Making stats - VN Stats

This page is out of date. See the Stats page and read the readme in the tools linked there.

These are the tools used to generate the stats. See Engines for information on script ripping for particular engines.

These tools require Python 3, 64-bit Java, and a bash prompt.

Place scripts under workplace/. All VN scripts must be in utf-8. See Ripping for information on script formatting. Unix line endings (\n, not \r\n) are preferred.

analyzer.jar: the core of the stats generation. Creates a lemmatized frequency list from a given VN script. Uses kuromoji-unidic, which uses a viterbi graph and a pre-trained markov model about how what words connect to eachother and how common each lexeme is. VN script must be in utf-8. Invoked by a bash script. Github

normalizer.jar: Merges frequency lists in the format that analyzer.jar outputs. Invoked manually on most of the frequency lists generated under the count/ directory. Used in order to create the frequency list for the 5k columns. Github

dowork.sh: Generates the main frequency lists for each script in workspace/, placing the lists under count/. These lists exclude grammatical lexemes.

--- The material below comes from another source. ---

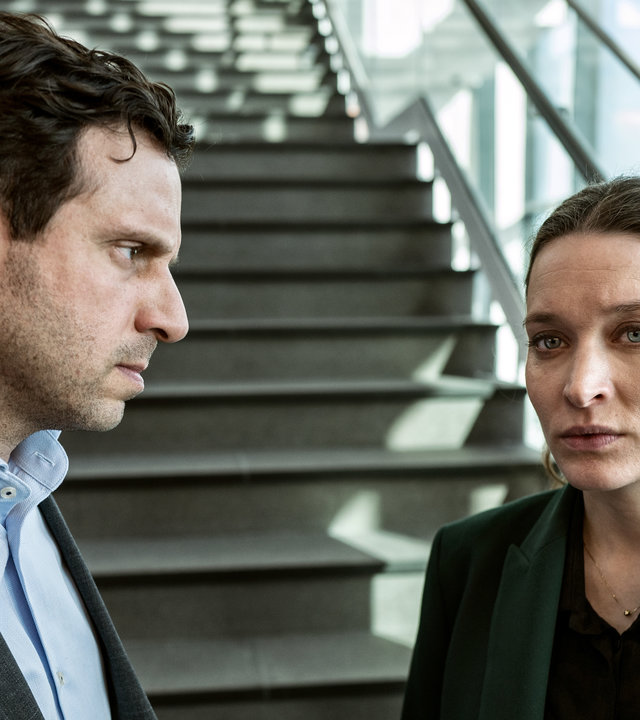 "Hidden Agenda II - Verrat (6)": Daniel (Joel Spira) und Emily (Josefin Asplund) stehen vor einer Treppe im Gerichtsgebäude. Sie wirkt verunsichert, er blickt in ihre Richtung.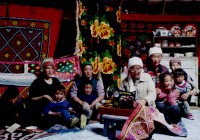 A Mongolian family inside their Ger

altwork.sh: Above, but with altcount/, and not excluding grammatical lexemes.

refresh.sh: Calculates the hayashi score, coverages, and other stats from every frequency list and script.

newscript.sh: Generates/regenerates the frequency list in count/ and the frequency list in altcount/ for a single script in workspace/.

fullredo.sh: Runs dowork.sh, altwork.sh, and refresh.sh. Might be preferable the first time, but for adding single scripts, you're going to want to use newscript.sh and refresh.sh manually.